Workbench

It followed me home

At the start of this project I didn’t have any sort of woodworking shop set up.   Most of my tools were in the garage, so I was thinking of clearing a spot in the basement for a bench and gradually shifting some things down there.  Probably just make a basic work table for now and then upgrade as needed.  But then this popped up for sale in the surrounding area and, well,  I was very interested.  Great looking vintage woodworking bench, two wooden screw vises, used but not abused, something funky with one of the legs but I need to know more. I contact the owner, she’s very nice, I go out to look at it.   It’s very cool –  fairly large, one of the vises is stuck, and the right front leg looks like the end rotted so its been sistered with a 2 x 4.  The base looks like someone may have substituted a chest of drawers for the the original, so I wonder how sturdy it is.  We have a great conversation, this is part of her father’s or grandfather’s shop, it’s very compelling but somehow I talk myself out of it.  Part of my reservation is that I’ve worked full time at a bench before, and while vintage woodworking items are very romantic, they’re not always practical (there’s a reason there are no more wooden vise screws).  So I know this is more of a showpiece than an everyday bench.  It’s amazing but a bit of a project and I’m trying to limit my scope creep, so reluctantly I take a pass, patting myself on the back for my new found practicality and iron willed discipline.  

Alas, the romantic dies hard.  I try to dismiss it but it keeps popping into my head.   I  check periodically to see if someone has put me out of my misery, but it remains available.  After several months, I can’t stand it anymore and go and get it. 

I borrow a friend’s pickup, it’s raining, but I’m able to tarp most of it so it doesn’t get soaked.

The top is pretty heavy so it goes down to the basement in two pieces.  I start to go over it.  The stuck tail vise loosens up without much of a fight, but the front vise is loose, something needs adjustment.  There is no manufacturer that I can see, but there is very faint writing in crayon under the top that says: “Starr Piano Co., Richmond In”. 

Richmond is not far from where I picked it up – so I look up the Starr Piano Company…

The Starr Piano Company started in 1884 and seems to have closed in the 1950’s (more details at right).  I’d love to get an idea of how old the bench is but it has no other identifying marks.  It has wood screw vises and hand cut dovetails, and these eventually gave way to metal vises and machine cut dovetails around 1900, so I’d guess that it wouldn’t be later than the 1910’s?   Apparently it was fairly common for a manufacturing company this size to make its own workbenches, and since they were building pianos, a few workbenches wouldn’t have phased them.   Workbenches from this era vary a lot in build quality but both the top and the base are well thought out and nicely executed.  The vises in particular have some attractive details, like molding and dovetails.

It has a tool tray in the back that has been filled in which is fine, I like the larger work surface that provides.   And it is really covered in what appears to be shellac, varnish and paint, so it has seen some finishing work at some point, who knows if it was at Starr or afterwards.  It does need some work but is serviceable as is.  The patina is great but a little chunky, so it’s definitely a candidate for restoration down the line.  But it’s a great to have a workbench from the music industry added to the project, I need all the help I can get.

And now, back to our regularly scheduled programming. 

According to the Morrison-Reeves Library in Richmond, Indiana:

The Starr Piano Company began as the Trayser Piano Co. in 1872. One if its founders was James Starr.
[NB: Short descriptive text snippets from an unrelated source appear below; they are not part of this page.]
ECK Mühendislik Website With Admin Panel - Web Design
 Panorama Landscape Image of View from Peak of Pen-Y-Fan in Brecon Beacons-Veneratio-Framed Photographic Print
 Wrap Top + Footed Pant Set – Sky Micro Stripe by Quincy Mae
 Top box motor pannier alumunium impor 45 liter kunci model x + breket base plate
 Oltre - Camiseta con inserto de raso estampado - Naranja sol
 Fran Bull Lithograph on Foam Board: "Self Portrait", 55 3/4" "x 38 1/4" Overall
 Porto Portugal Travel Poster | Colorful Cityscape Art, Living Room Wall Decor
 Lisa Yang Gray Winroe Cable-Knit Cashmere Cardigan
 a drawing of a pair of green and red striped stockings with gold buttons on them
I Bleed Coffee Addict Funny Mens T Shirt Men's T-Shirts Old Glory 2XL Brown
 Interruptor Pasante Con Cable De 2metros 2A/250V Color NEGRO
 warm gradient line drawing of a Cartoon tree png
In 1878, the company was reorganized as the Chase Piano Company, and Benjamin Starr joined his brother James in the business. In 1884 they bought 23 acres in the Whitewater Valley gorge and constructed a six-story factory powered by the river. In 1893 it became the Starr Piano Company, and it soon became a sprawling complex of buildings and lumber yards and one of the biggest employers in Richmond.

By the 1920s, it was manufactuing not only pianos but phonographs, and, to go with the phonographs it began producing records. The Gennett Records Division of Starr Piano recorded artists of early jazz, blues, and country. Because these were new music forms in the 1920s the large record companies did not record them at all, so the records produced during this time constitute the earliest recorded examples of these forms. Artists such as Louis Armstrong, Jelly Roll Morton, Hoagy Carmichael, and Bix Beiderbecke performed in the studio in the Whitewater gorge.

Declining record sales and the Depression ended Gennett Records, and the Starr name continued for a few more years making radio cabinets and refrigerators. The complex fell into disrepair and in the 1970s demolition reduced it to a few structures — the smokestack and the shell of the building that still bears the shadow of the Gennett Records logo.